Mis dos voces, de Lina Rodríguez

La voz como música interna

Andrés Múnera

La directora de Señoritas (2013), Mañana a esta hora (2016) y So Much Tenderness (2022), radicada en Canadá, Lina Rodríguez realiza Mis dos voces (2022) una bella pieza de cámara con ecos al cine de Lech Kowalski, Tatiana Huezo o Naomi Kawase, estrenada en el Forum de la Berlinale.

 

En esta ocasión Rodríguez teje una sinfonía de testimonios a tres coros por medio de las experiencias de tres mujeres latinoamericanas inmigrantes, como la misma Rodríguez, establecidas en Canadá: Ana, Claudia y Marinela. A modo de confesionario incorpóreo, las voces de las tres mujeres se irán sobreponiendo bajo la urdimbre bondadosa de la directora que hila todo desde la imaginación del detalle y prestando una atención harto cuidadosa a esa suerte de música interior identitaria que es la lengua, dejando que no sólo esta filtre información de un recuerdo doloroso o una anécdota presente sobre las dificultades de adaptarse a los convencionalismos sociales de otro país, sino que por un momento la prosodia de las mujeres inmigrantes amplía las fronteras de las composiciones herméticas del director de fotografía Alejandro Coronado, pero en ningún momento se sienten asfixiantes, la sinfonía de manos sembrando la tierra, peinando los cabellos de los hijos, enhebrando tejidos, hacen del dispositivo plástico de la película un abrazo honesto y sentido. Tal vez este sea el mayor logro de Mis dos voces, lo que la distancia de tanto cine que funciona como gravímetros de confesiones para luego estetizarlas y convertirlas en una atracción de feria de identificaciones llanas; Rodríguez, también por su propia experiencia como mujer migrante, sabe por lo que han tenido que pasar Ana, Claudia y Marinela, para ella la puesta en escena desbordará a la técnica de la gestión sonora y visual y permeará el tiempo que antecede a la filmación en sí, porque esos silencios y traumas compartidos terminarán habitando la presencia del encuadre como una mampostería invisible que resguarda a las mujeres del maniqueísmo o la sobrexposición caricaturesca, Rodríguez solventa una de las grandes dificultades a la hora de hacer cine documental, sembrarse en medio de las bifurcaciones éticas y estéticas de la distancia y la representación, al mismo tiempo que ofrece un retrato coral de pura vida y un documento introspectivo de carácter político.

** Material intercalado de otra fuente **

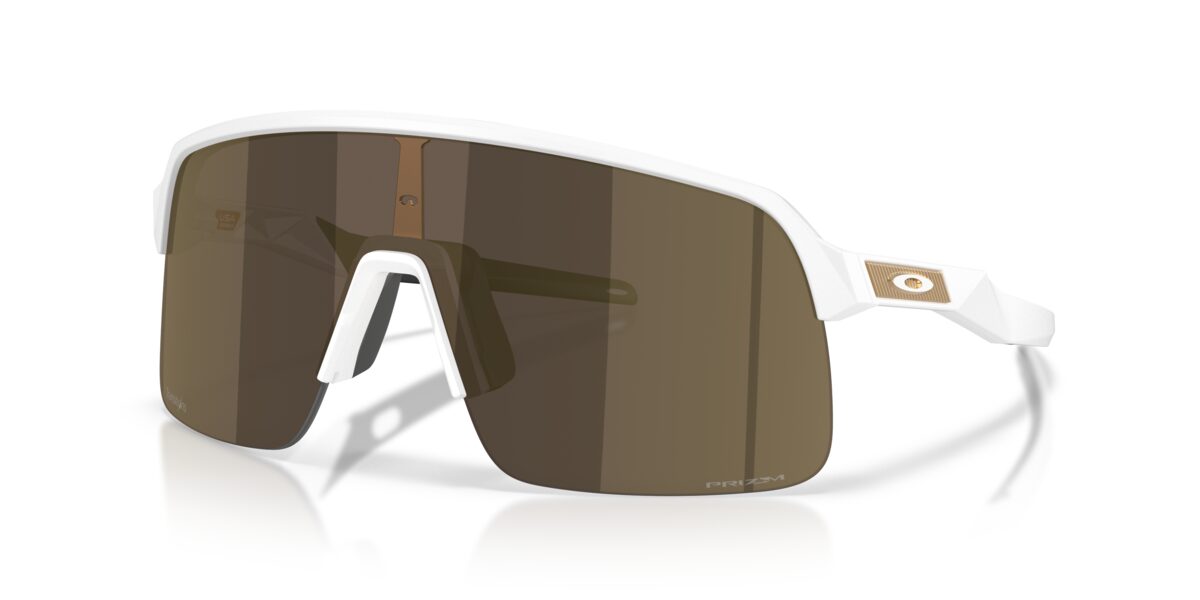 Oakley OO9463 SUTRO LITE 9463D2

Rodríguez, también por su propia experiencia como mujer migrante, sabe por lo que han tenido que pasar Ana, Claudia y Marinela, para ella la puesta en escena desbordará a la técnica de la gestión sonora y visual y permeará el tiempo que antecede a la filmación en sí …

Las tres mujeres elegidas para el mosaico testimonial son muy distintas entre sí pero poseen múltiples matices de convergencia que hacen que la película brille en sus reflexiones finales; en la ontología del migrante, con un pie en el espacio foráneo y la mente en el soporte fotográfico suspendido de sus recuerdos del primer suelo habitado, como bien narra Claudia la impotencia de llorar las muertes de hijos, abuelos y padres a la distancia, realizar el duelo sin posibilidad de retorno ante un paisaje ajeno que sigue con su transitoriedad y dinámica cotidiana. La cineasta presenta a las mujeres desde el gesto para develar al final el telar familiar completo, el boceto de la pequeña acción deviene en consecuencia de afecto: un jardín, una familia, una redención, una caja de muñecas rusas invertida, el didactismo se convierte en identificación y luego en agradecimiento; de un cine prístino, rebosante de cariño pero sin sobreprotección maternalista, ejecutado en la medida justa, como una plática de verano.

 

Esta película, en su tramo final, me hace recordar a otra película muy especial, O Fim e o Princípio (2006) del gran documentalista brasileño Eduardo Coutinho, el cineasta viajando por el nordeste de Brasil, encontrando potenciales películas en los testimonios de ancianos anclados en villas remotas, escuchando milagrosas anécdotas de otras épocas, fecundas en enseñanzas y que rezuman vida, para luego seguir por la vía de la existencia, a veces pienso que las películas son como los asentamientos de esos viejos con los que habla Coutinho, uno entra en ellas sin saber muy bien qué esperar y sale de una manera diferente, nunca se vuelve a ser el mismo, a emprender el camino, la trocha infinita de los días venideros y así me siento justamente  al escuchar durante una hora la música interna de los corazones de Ana, Claudia y Marinela, sentado junto a su directora en un silencio cómplice y con la vista perdida más allá de los marcos de las ventanas de las casas de las mujeres migrantes, como si la película por un instante me confiriera ese estatuto de observador nómada, como dice Marinela en alguna secuencia: “igual ya no tengo nada más que perder”. Y eso también al final libera.